Spectrum Policies

Satellites provide secure and essential communications, navigation, weather, imaging and a host of other services for U.S. customers and others around the world.  Governments, media, industry, first responders, and consumers rely on satellite networks to provide primary and backup communications for essential business transactions, operational missions and mass communications.  End users in the United States include:

  • Federal agencies, including the Departments of Defense and Homeland Security;
  • State and local law enforcement, public safety and administrative officials;
  • International, national and local media;
  • Businesses, including utilities, banks, retail outlets, transportation, restaurants, hotels, and oil and gas companies; and,
  • Tens of millions of American and global consumers, who receive broadband, video, and audio in their homes and while on the move via satellites plus the billions of global smart phone users who unknowingly rely on GPS satellite timing to make and receive calls.

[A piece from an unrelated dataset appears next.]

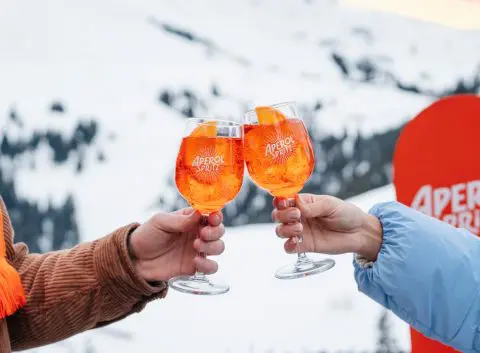 Two hands clinking together bright orange Aperol cocktails in an Apres Ski setting, snowboard and snowy mountains in the background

Satellites are the most efficient technology for providing communications coverage to large geographical and sparsely populated areas, including to end-users dispersed throughout entire countries, continents or large oceanic regions.  Every day, satellites provide backhaul connectivity for wireless communications and network redundancy to back up global submarine cable communications.  In a disaster, satellite-based communications are heavily relied upon by first responders in the first seconds, minutes, hours and days and beyond, when terrestrial communications are disrupted.  As these networks are restored, satellites augment local networks, add international connectivity, and allow ongoing media coverage throughout recovery phases from a disaster.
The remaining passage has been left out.